[Extracted data entries]

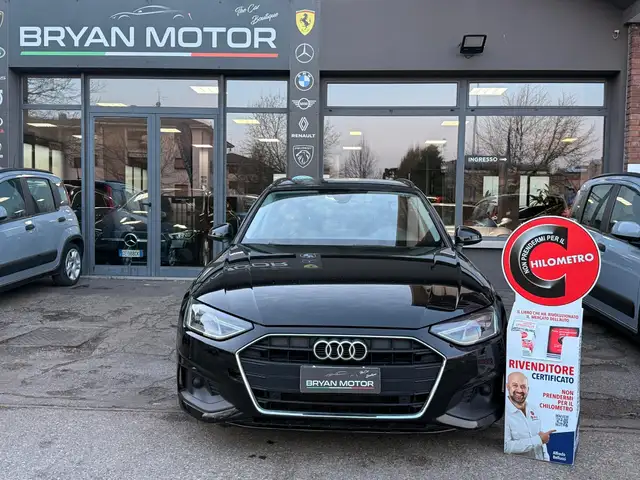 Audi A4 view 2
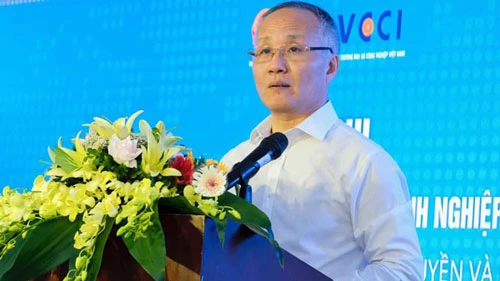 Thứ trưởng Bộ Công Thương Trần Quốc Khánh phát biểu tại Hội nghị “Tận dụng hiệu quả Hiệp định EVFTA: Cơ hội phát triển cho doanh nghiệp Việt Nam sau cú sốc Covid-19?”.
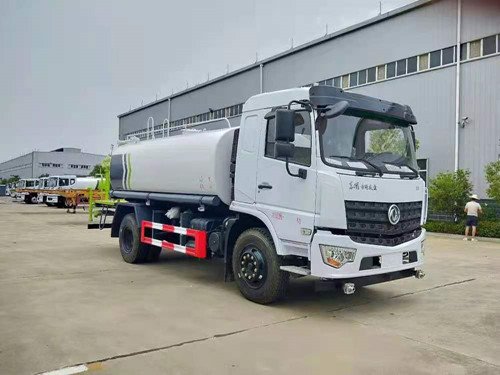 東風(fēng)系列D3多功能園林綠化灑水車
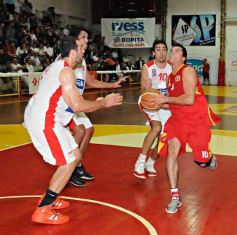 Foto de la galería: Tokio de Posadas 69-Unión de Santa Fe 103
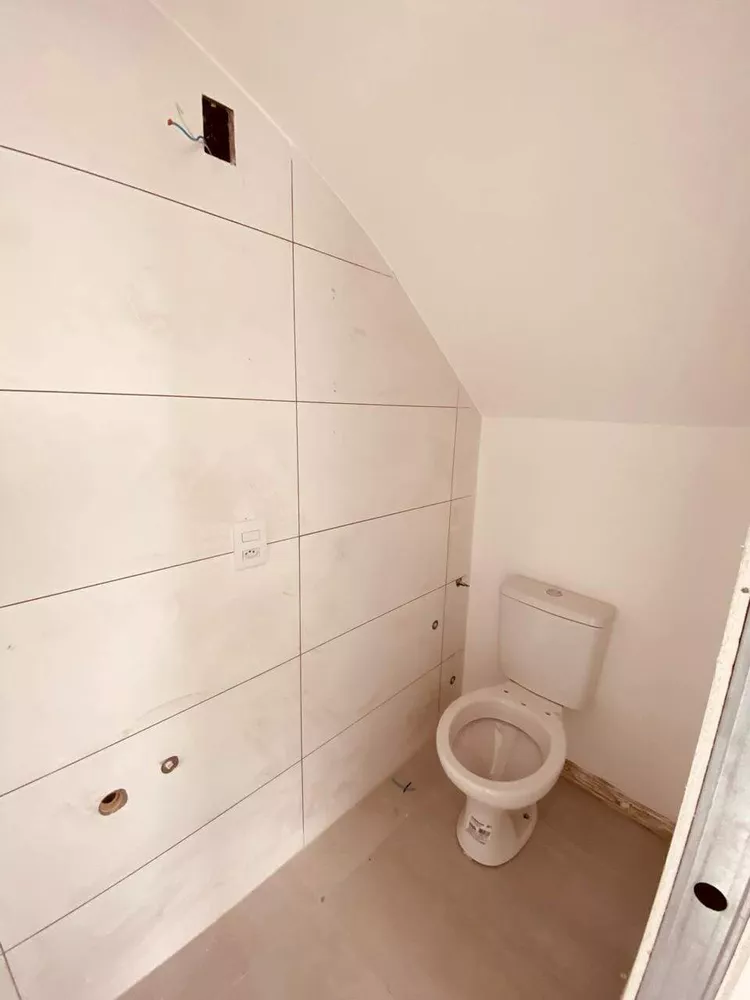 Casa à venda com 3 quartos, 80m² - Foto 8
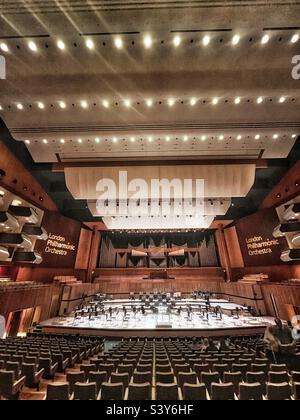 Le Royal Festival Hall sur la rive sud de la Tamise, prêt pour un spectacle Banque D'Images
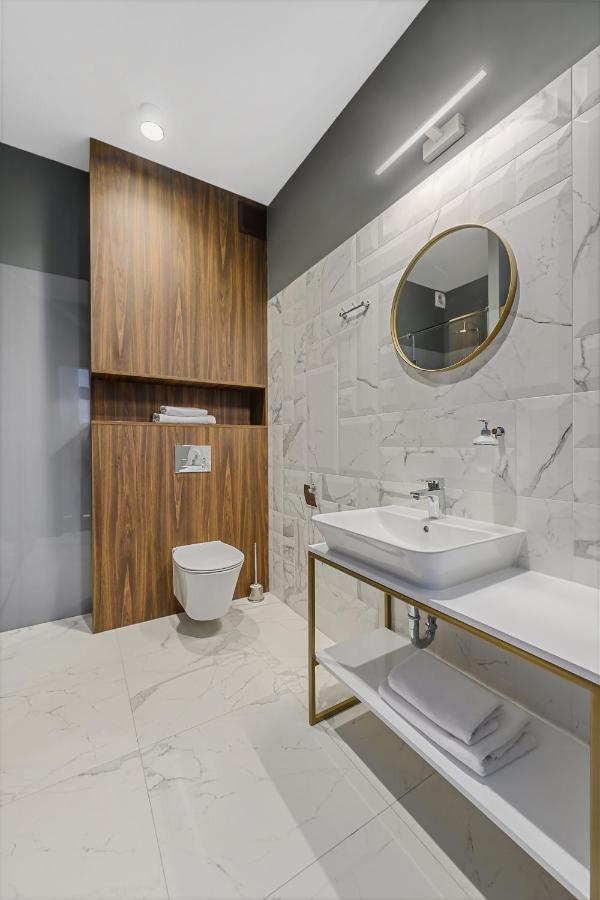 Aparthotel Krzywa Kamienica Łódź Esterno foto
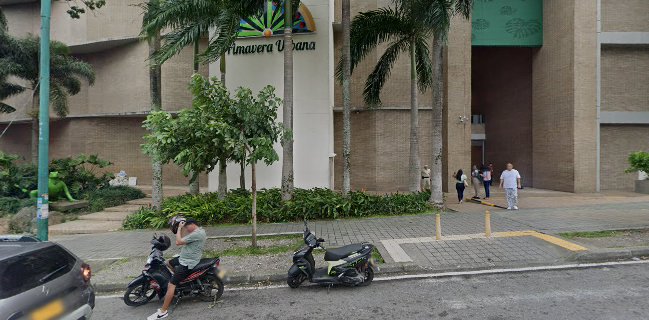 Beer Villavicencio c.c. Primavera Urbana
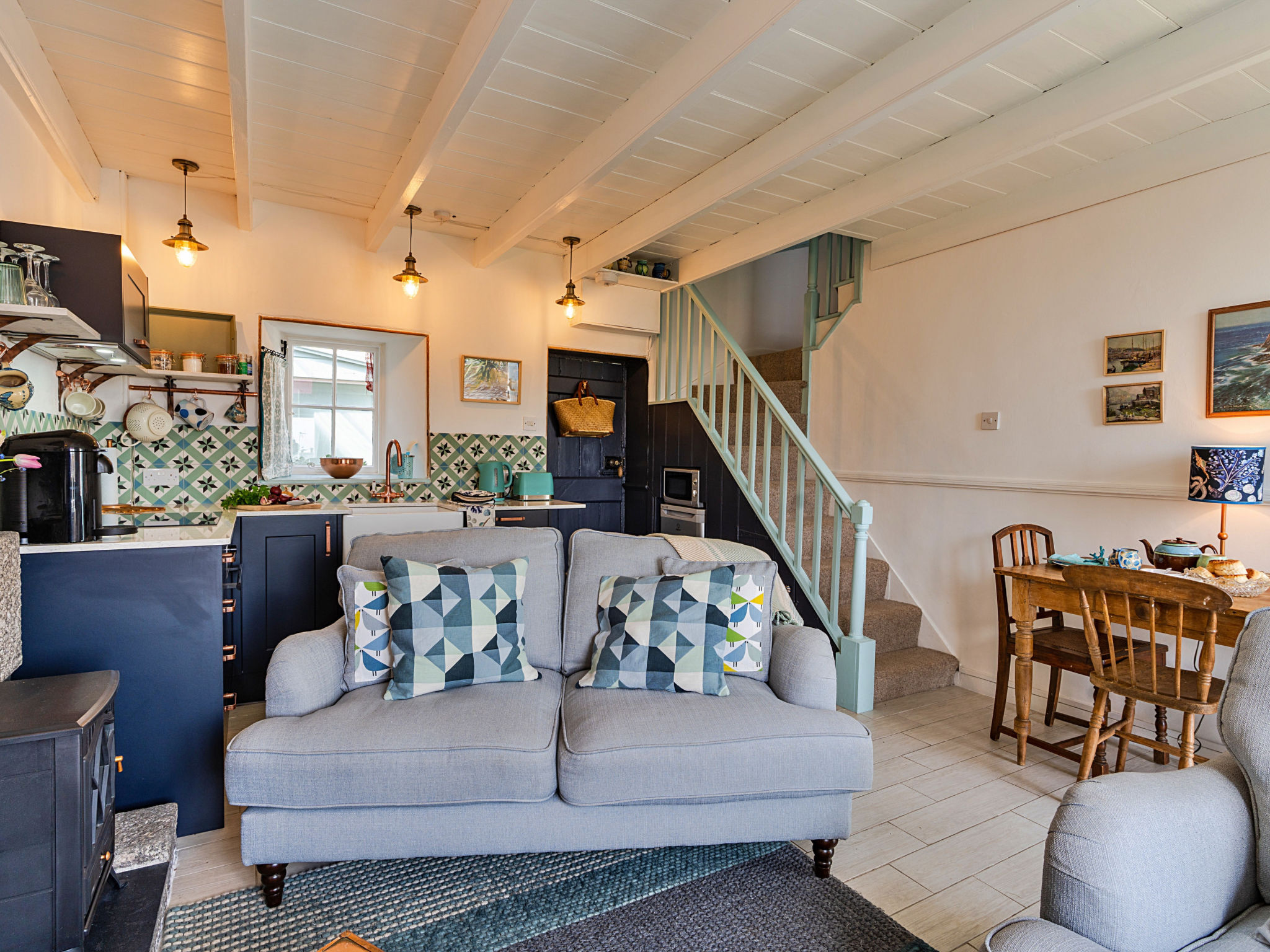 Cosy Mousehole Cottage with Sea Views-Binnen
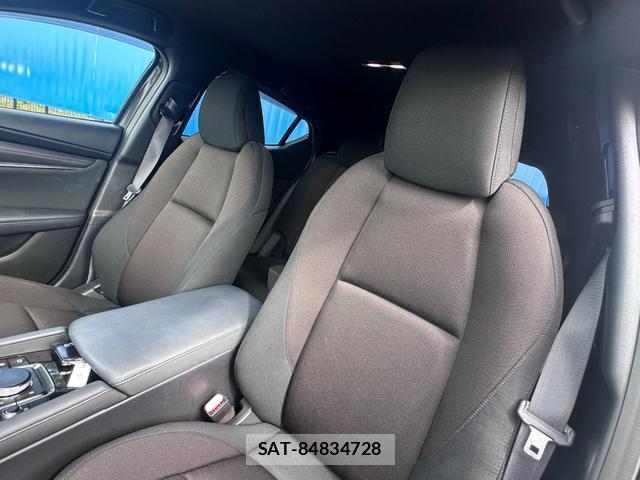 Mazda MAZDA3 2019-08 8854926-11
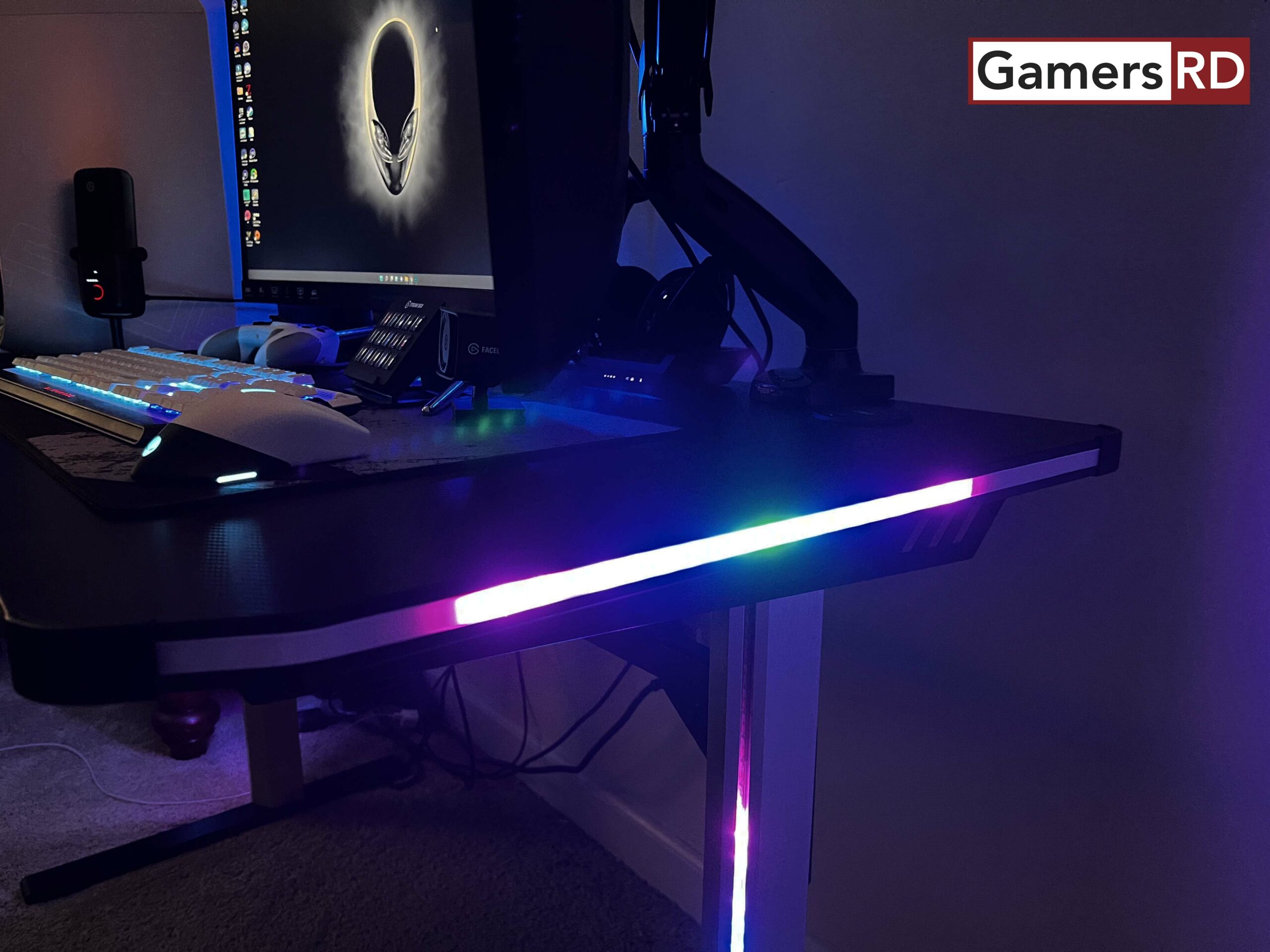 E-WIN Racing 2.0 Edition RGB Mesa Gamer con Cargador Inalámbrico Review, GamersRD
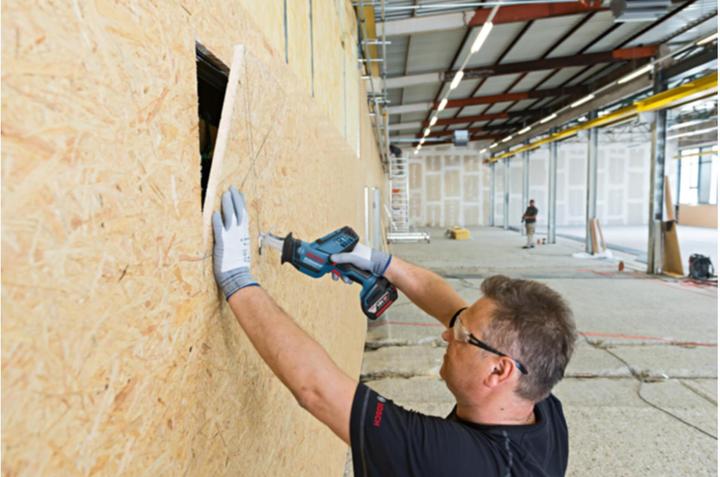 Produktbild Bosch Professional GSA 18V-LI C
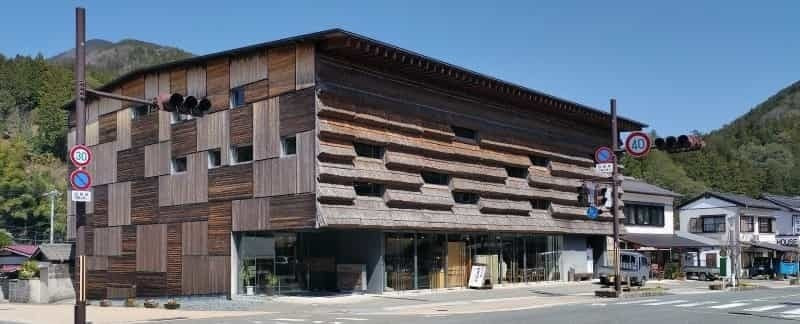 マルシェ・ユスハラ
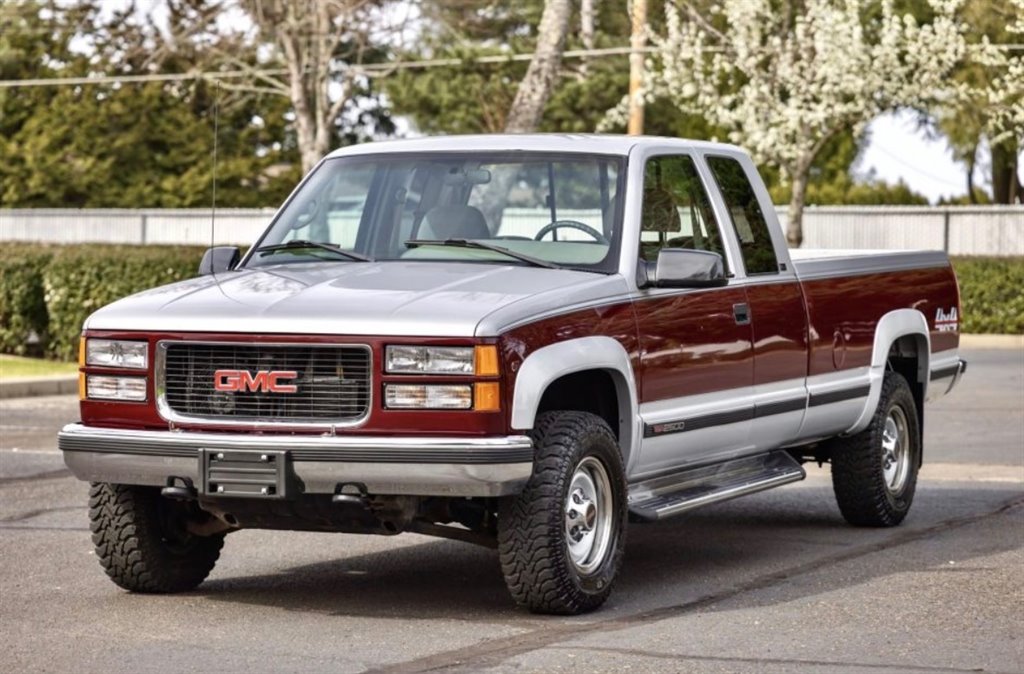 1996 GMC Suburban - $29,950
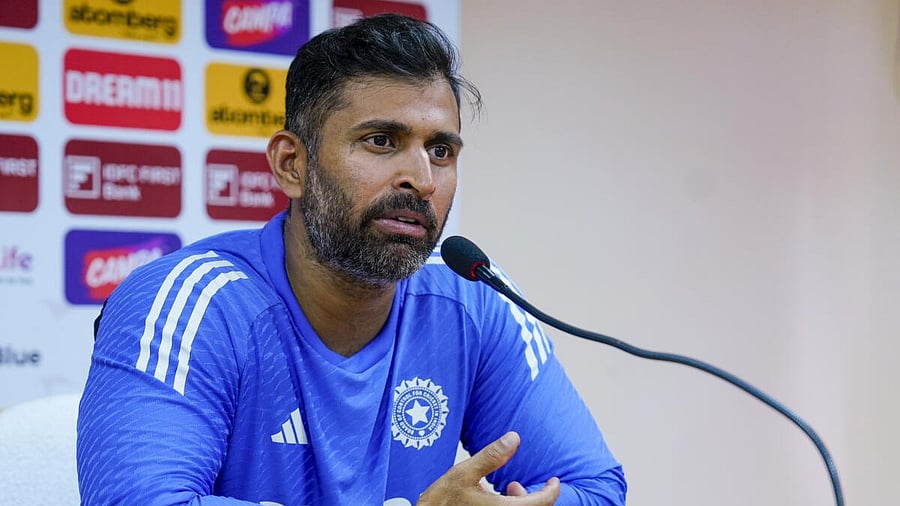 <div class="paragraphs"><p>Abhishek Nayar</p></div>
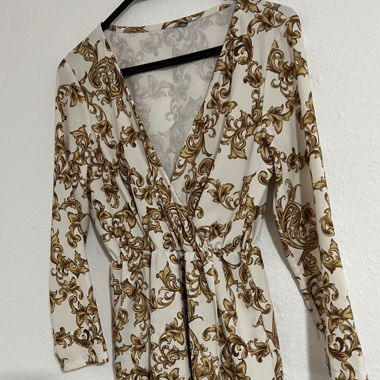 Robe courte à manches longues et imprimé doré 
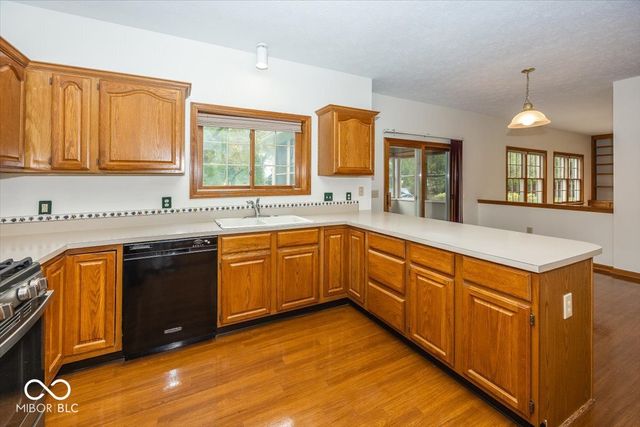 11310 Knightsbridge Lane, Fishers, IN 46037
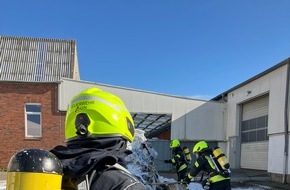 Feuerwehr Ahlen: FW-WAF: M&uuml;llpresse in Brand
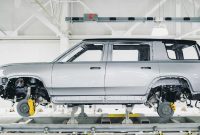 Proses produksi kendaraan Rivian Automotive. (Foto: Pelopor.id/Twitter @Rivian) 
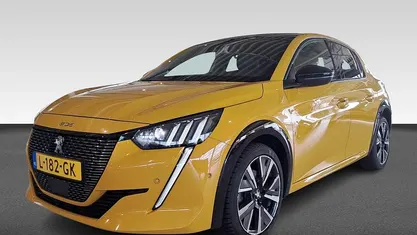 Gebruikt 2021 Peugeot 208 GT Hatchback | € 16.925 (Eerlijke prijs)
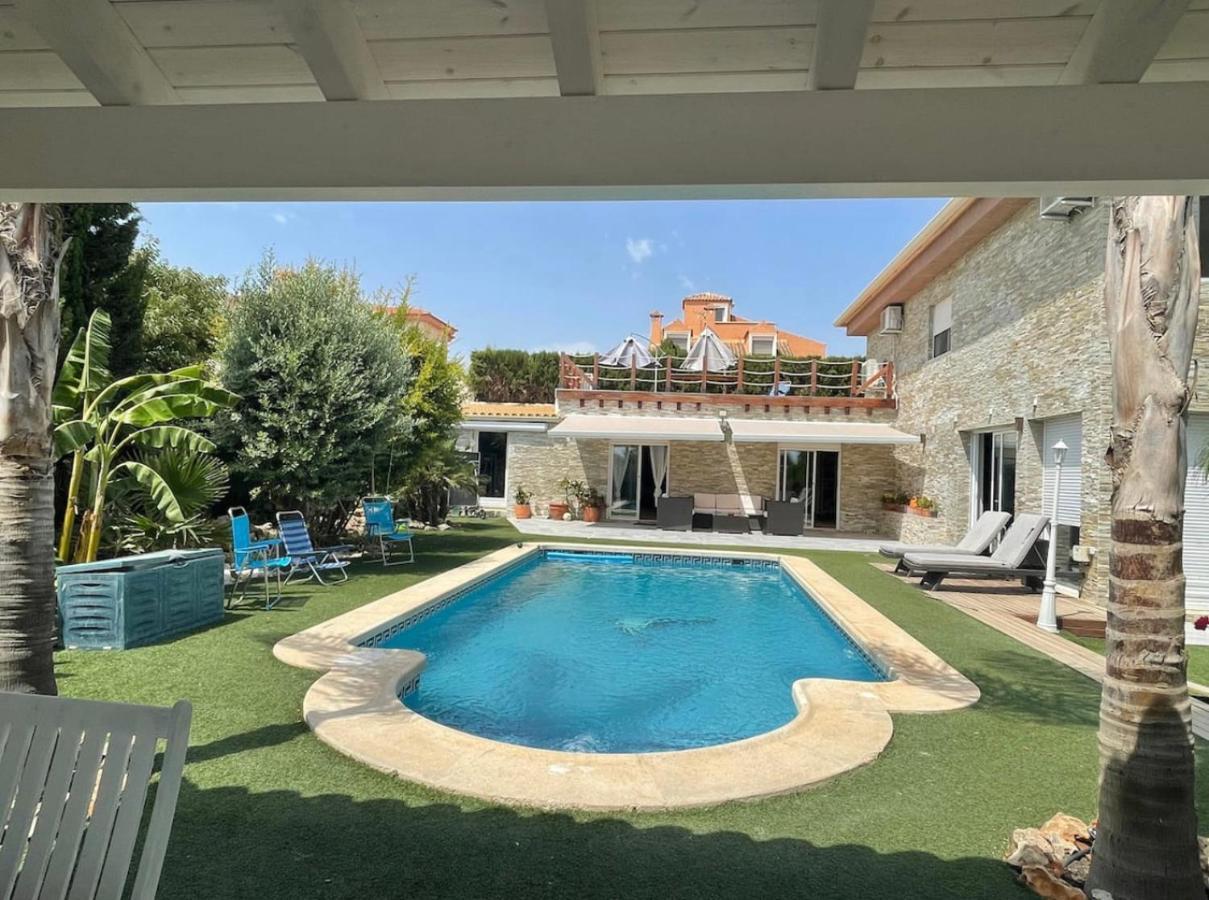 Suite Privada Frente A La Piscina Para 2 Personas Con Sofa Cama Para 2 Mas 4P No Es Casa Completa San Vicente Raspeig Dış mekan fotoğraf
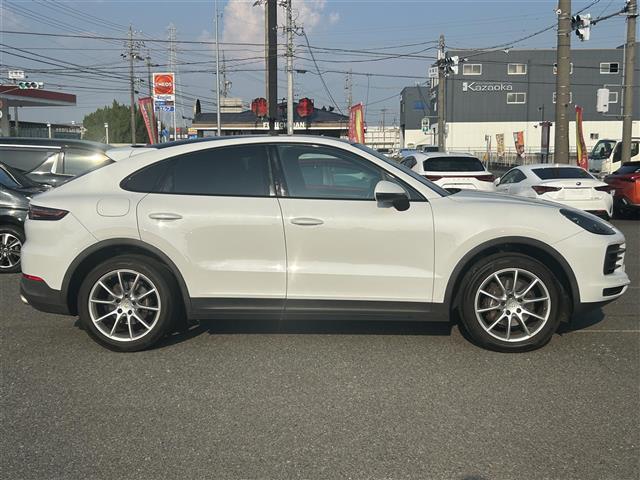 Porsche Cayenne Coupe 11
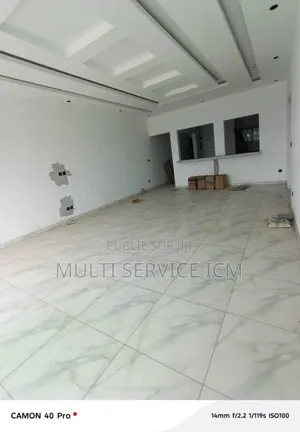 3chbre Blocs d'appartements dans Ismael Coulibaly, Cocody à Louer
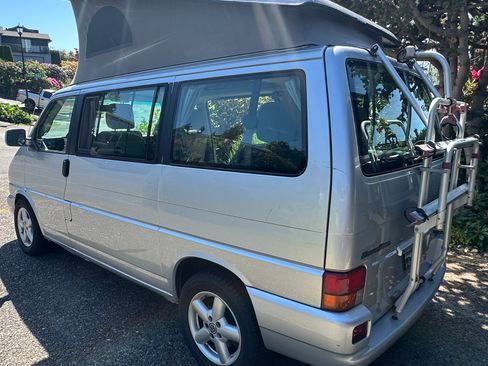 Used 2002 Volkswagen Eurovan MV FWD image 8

Exercise directions »
The entries above need an exact copy without their pictures.

Task solution »
 Audi A4 view 2
 Thứ trưởng Bộ Công Thương Trần Quốc Khánh phát biểu tại Hội nghị “Tận dụng hiệu quả Hiệp định EVFTA: Cơ hội phát triển cho doanh nghiệp Việt Nam sau cú sốc Covid-19?”.
 東風(fēng)系列D3多功能園林綠化灑水車
 Foto de la galería: Tokio de Posadas 69-Unión de Santa Fe 103
 Casa à venda com 3 quartos, 80m² - Foto 8
 Le Royal Festival Hall sur la rive sud de la Tamise, prêt pour un spectacle Banque D'Images
 Aparthotel Krzywa Kamienica Łódź Esterno foto
 Beer Villavicencio c.c. Primavera Urbana
 Cosy Mousehole Cottage with Sea Views-Binnen
 Mazda MAZDA3 2019-08 8854926-11
 E-WIN Racing 2.0 Edition RGB Mesa Gamer con Cargador Inalámbrico Review, GamersRD
 Produktbild Bosch Professional GSA 18V-LI C
 マルシェ・ユスハラ
 1996 GMC Suburban - $29,950
 <div class="paragraphs"><p>Abhishek Nayar</p></div>
 Robe courte à manches longues et imprimé doré 
 11310 Knightsbridge Lane, Fishers, IN 46037
 Feuerwehr Ahlen: FW-WAF: M&uuml;llpresse in Brand
 Proses produksi kendaraan Rivian Automotive. (Foto: Pelopor.id/Twitter @Rivian) 
 Gebruikt 2021 Peugeot 208 GT Hatchback | € 16.925 (Eerlijke prijs)
 Suite Privada Frente A La Piscina Para 2 Personas Con Sofa Cama Para 2 Mas 4P No Es Casa Completa San Vicente Raspeig Dış mekan fotoğraf
 Porsche Cayenne Coupe 11
 3chbre Blocs d'appartements dans Ismael Coulibaly, Cocody à Louer
 Used 2002 Volkswagen Eurovan MV FWD image 8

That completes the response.